I knew it! There's ex-lax in these cookies! :mad:
 
It's Saturday night... all right it is Sunday morning... and I am still up.
 
Yanno, it's annoying to get a PM from someone asking for advice, spend a quarter-hour composing some, and then realize they have Lit set to not allow PMs back to them... :p
 
graceanne said:
*looks suspicously at cookies* Did you make any of this? If not it might be safe. *takes cookie apart and check icecream*

I knew it! There's ex-lax in these cookies! :mad:


Your name is not Asshole and I only put that in chocolate frosting so it's not noticable! I'm much more subtle than you're giving me credit for!
 
graceanne said:
*looks suspicously at cookies* Did you make any of this? If not it might be safe. *takes cookie apart and check icecream*

I knew it!
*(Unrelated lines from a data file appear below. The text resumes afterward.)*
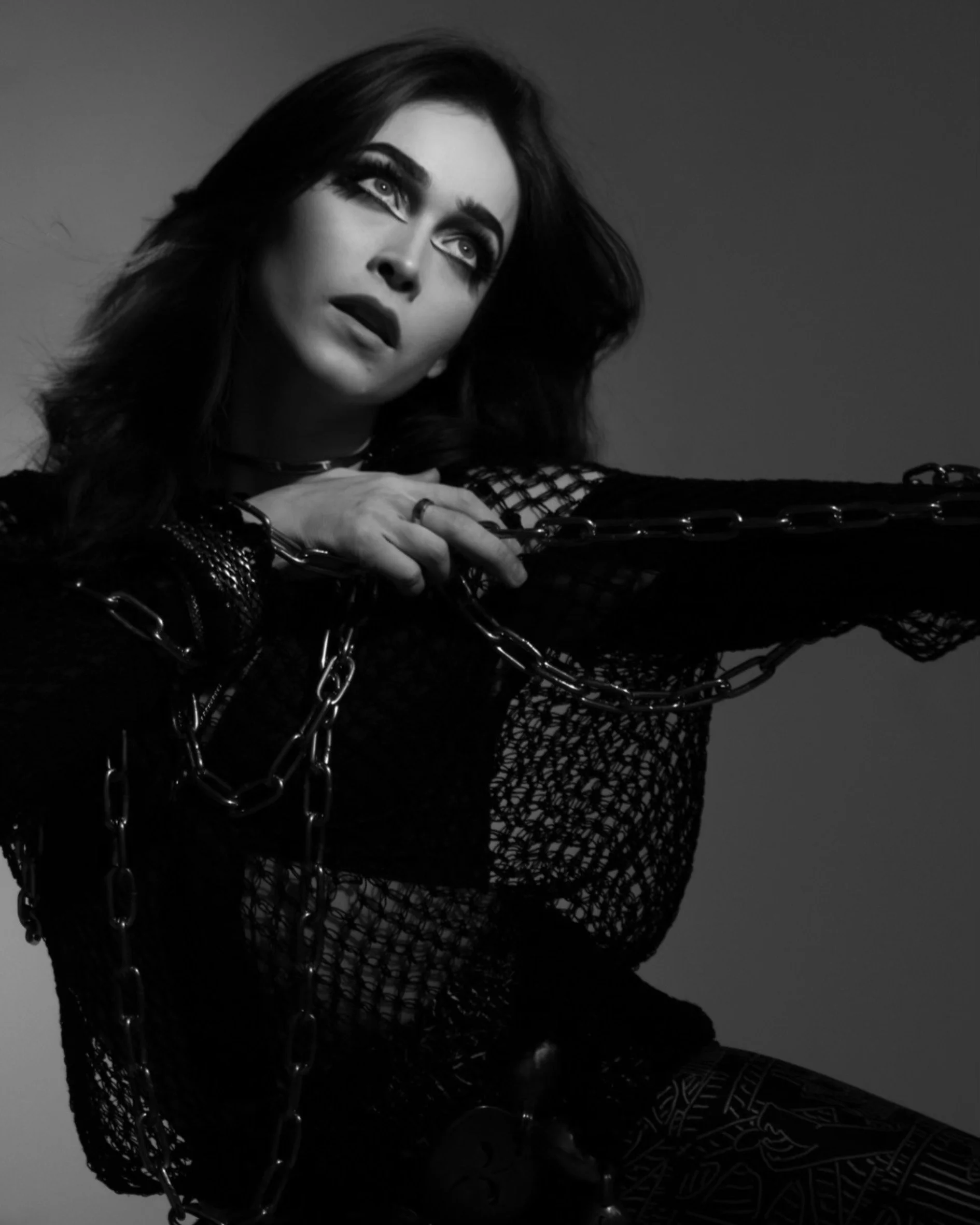 ROSEGARDEN FUNERAL PARTY | BLCKJEANS MGMT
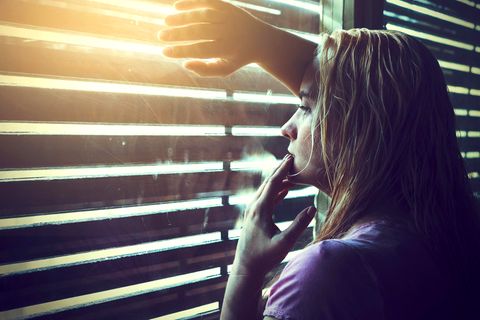 Psychologie: Pfusch an der Seele - was man tun kann, wenn die Psychotherapie scheitert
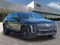 2027 Cadillac LYRIQ Signature Sport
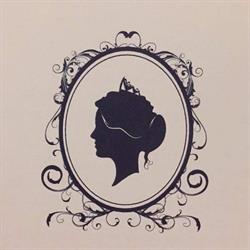 Luisenthal Conac, Fundu Moldovei program de funcționare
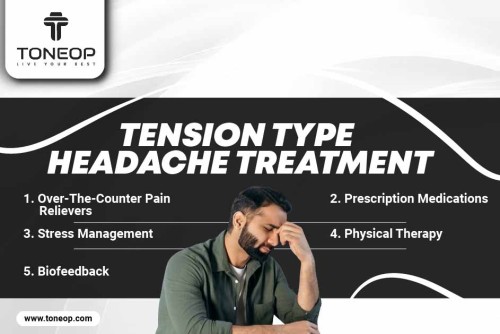 Tension-Type-Headache-Treatment.jpg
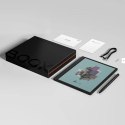 ONYX Ebook Onyx Boox Tab Ultra C Pro 10,3" 128GB Wi-Fi Black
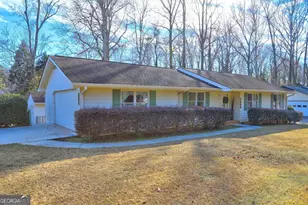 2896 Ripple Ct, Snellville, GA 30078 - Photo 2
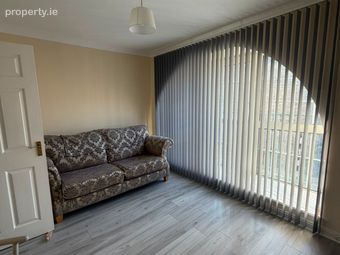 Calander House, Bachelor's Lane, Drogheda, Co. Louth - Image 2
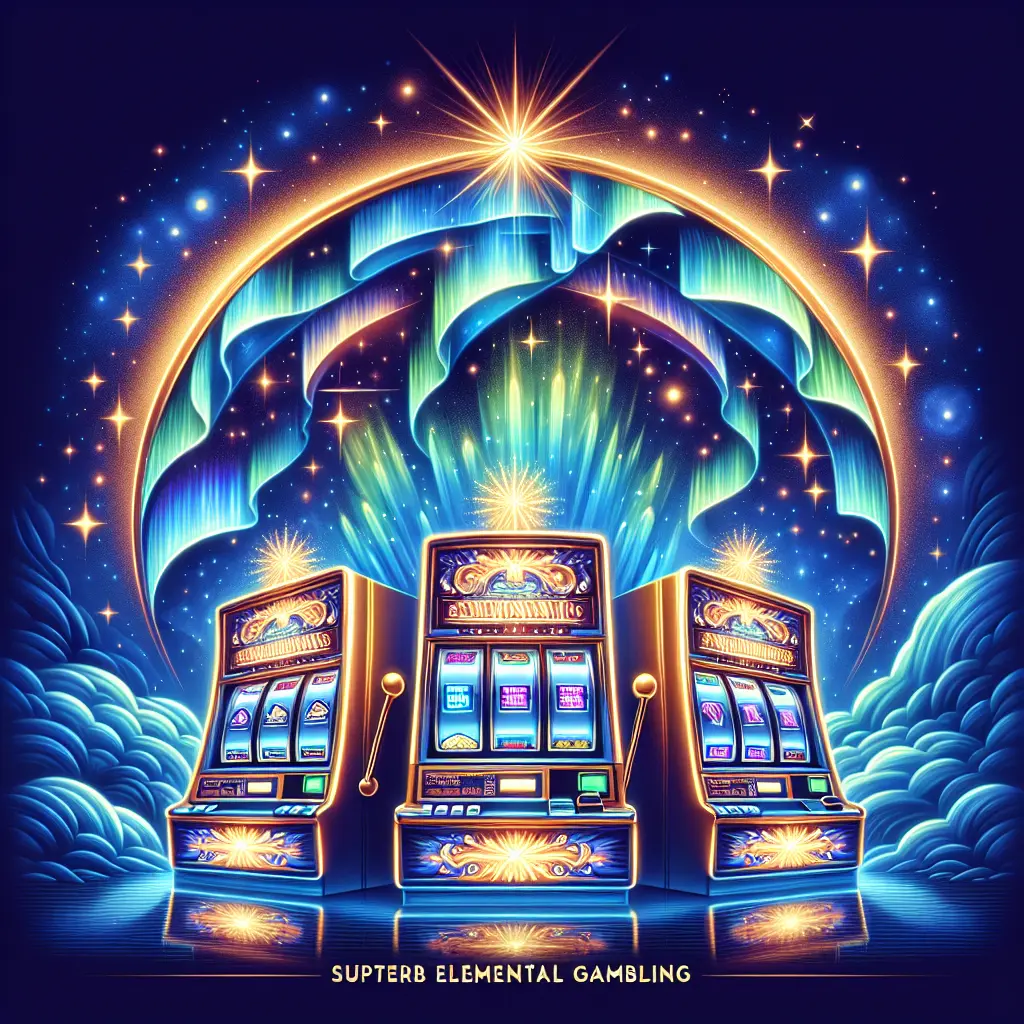 responsible-gambling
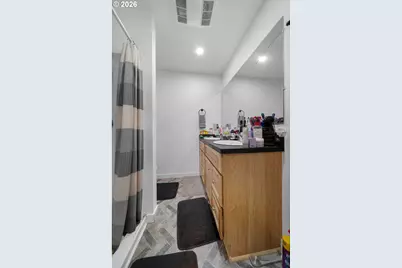 42737 Ellmor Ln, Port Orford, OR 97465 - Photo 21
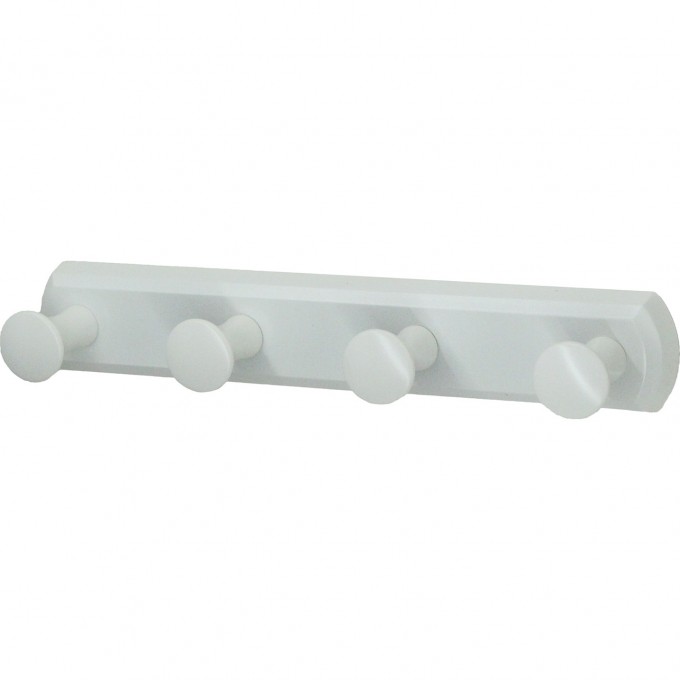 Кронштейн настенный WASSERKRAFT HITE K-1074W Кронштейн настенный WASSERKRAFT HITE K-1074W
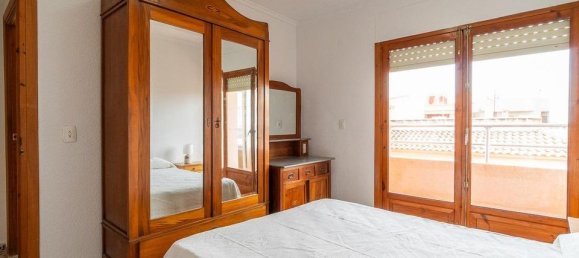 3 Schlafzimmer Penthouse in Torrevieja, Spain, Nr. 181837 2
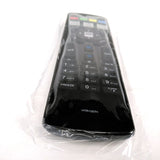 New Genuine original Remote Control HTR-U07H For Haier Keyboard Remote Controller With USB RF Dongle
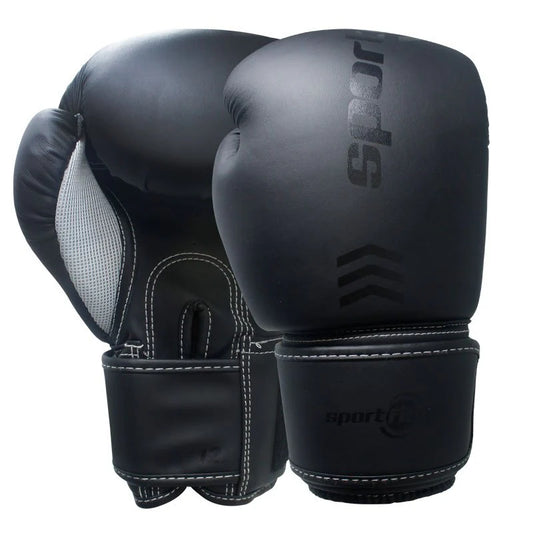 Guantes Boxeo Sport Fitness
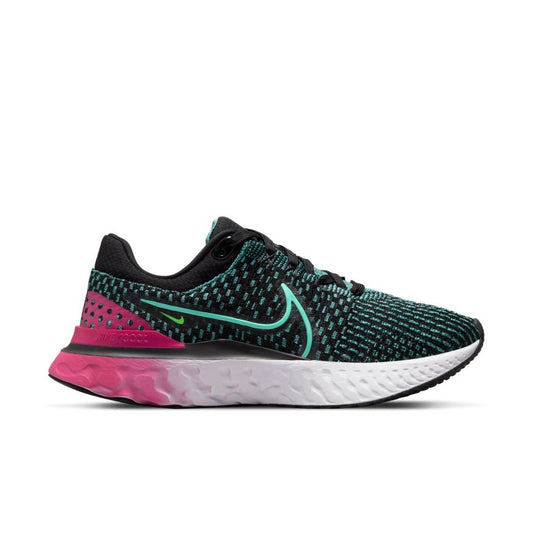  Women's Nike React Infinity Run 3 - DD3024-003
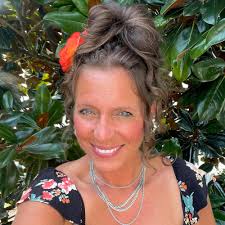 Lying Lips and DNA Kits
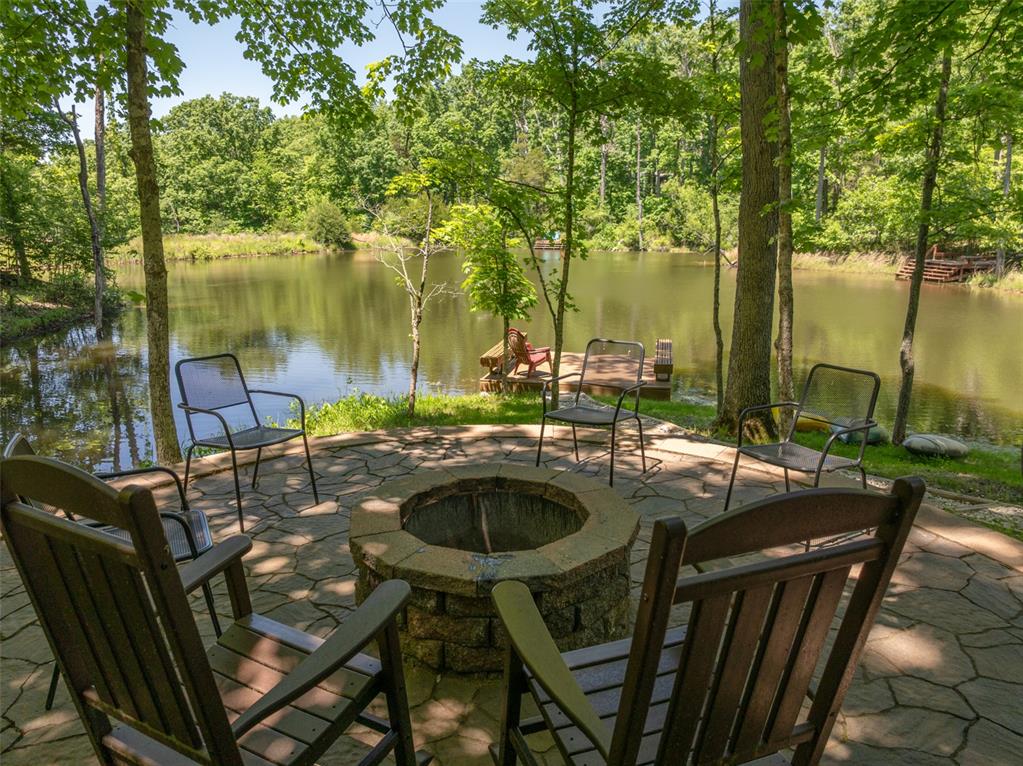 2349 Trautwein Drive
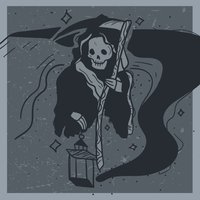 Reaper - Have Mercy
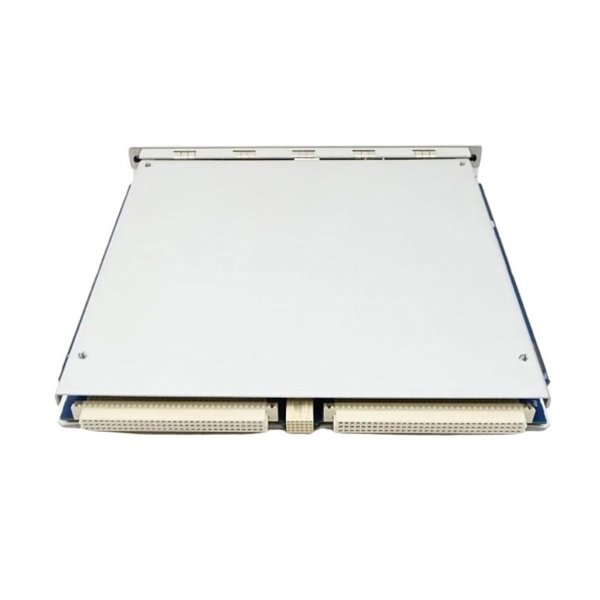 Bently Nevada 3500/22M 149986-02 Transient Data Interface Module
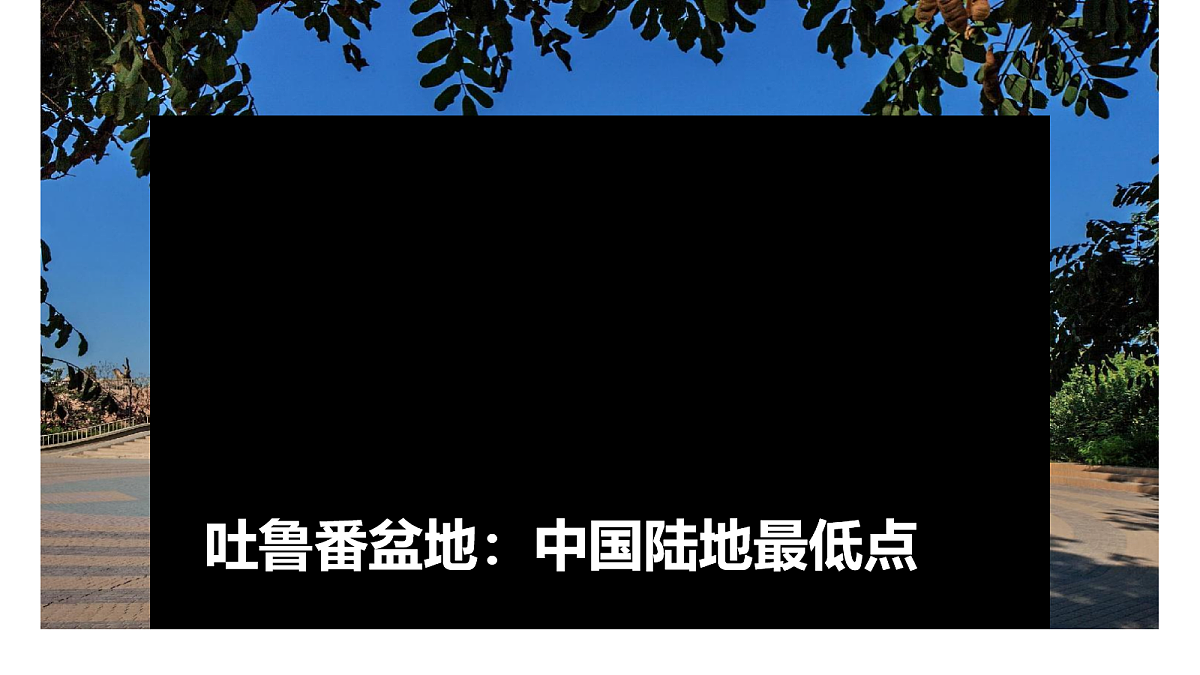 18033069第7页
There's ex-lax in these cookies! :mad:


Grace, she hasn't poisoned anyone in some time, either accidently or on purpose. Honest. She does have a habit of not making enough though.
 
bronntanas said:
Grace, she hasn't poisoned anyone in some time, either accidently or on purpose. Honest. She does have a habit of not making enough though.

I know. I'm just ribbing her. And I wasn't gonna say anything, but then she said 'And gracie claims I'm a hazard in the kitchen.'. So I was honor bound to say something!
 
snowy ciara said:
Your name is not Asshole and I only put that in chocolate frosting so it's not noticable! I'm much more subtle than you're giving me credit for!

You put it in the chocolate! OMG! That's . . . that's . . . I'm speachless. . .

SACRILIGE!

I mean if it was vanilla . . . well that's one thing, but chocolate . . . that's just wrong.